Barely thirty men indeed headed for the final climb of Le Larmont, about ten kilometres from the line, and the Groupama-FDJ squad was almost complete. “There was still a good group, with very good riders”, added Benoît. “Our goal was to make it hard, attack, attack and attack again in the last climb. Michael went first, then Valentin tried also”. “We got away with Cosnefroy, Gilbert and Thomas, but we were caught by a small group with Kevin and Stefan at the start of the descent”, added Valentin. “I told Stefan that he could also attack downhill and get the win this way”, said Benoît. “He did try, he took ten meters, but Biniam Girmay was just behind him”. A dozen runners were therefore still up there for the win in the streets of Pontarlier. “With 800 metres to go, I saw the right space to attack,” said Valentin. “I came with momentum and managed to get a good gap straight away. It was a very slight downhill, so I really had to pedal very hard. I really had to go deep to make it, but I did. I was a little disappointed with my performance in Plouay because I hadn’t dared enough. I told myself that I was going to try everything, even if it meant I would be caught. It worked out, so it’s really great.” Thanks to his final move, the Breton was even able to celebrate his victory before the line in front of a small group including Stefan Küng (7th) and Kevin Geniets (10th). Lenny Martinez (14th) and Michael Storer (17th) arrived moments later.

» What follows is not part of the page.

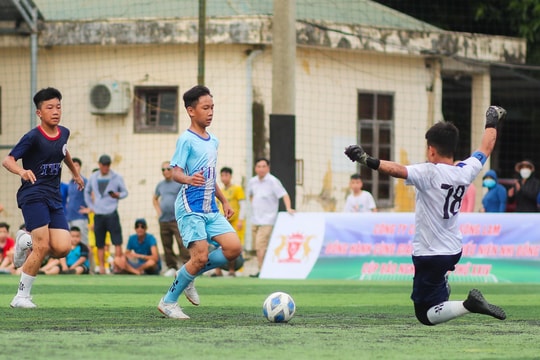 Thắng thiếu niên thành phố Vinh, thiếu niên Quỳnh Lưu giành quyền tự quyết vào vòng bán kết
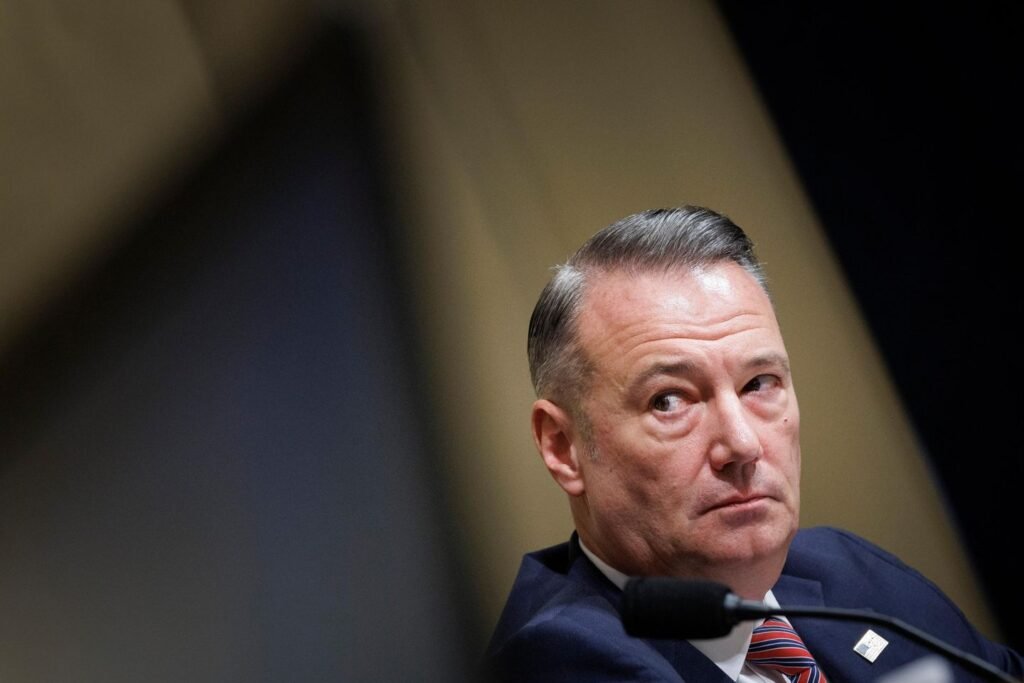 ICE bars staffer for Democratic representative from visiting detainees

“I was missing a victory”, Valentin Madouas

“This victory is first and foremost a reward for the riders, who took the initiative and who were all going well today,” said Benoît. “They always had the numbers. We were not rewarded in Limousin, although we tried. We did the same thing here. We weren’t sure it would work, but we had to try given the team we had. It’s great. Congratulations to the riders who did a very good, very aggressive race, which they concluded with the win”. “The team did a great job today”, confirmed Valentin. “We were in all the moves, and there were still three of us in the final. Physically, we were very strong, we left our mark on the race. We had a great race collectively. We did not do well in all the French Cups this year, and it’s great to finally be able to win one”. If it was indeed a first for the team in the French competition this season, it was also a great first for Valentin Madouas in 2022. “I had had a very complete season until then, but I was missing a victory to prove that I had passed a milestone and that I could also win,” said the Breton. “Valentin has had a great season, great performances, but we know that nothing equals victory”, concluded Benoît. “He was close a lot lately. I knew it would come at some point, and it eventually comes ideally before the end of the season”.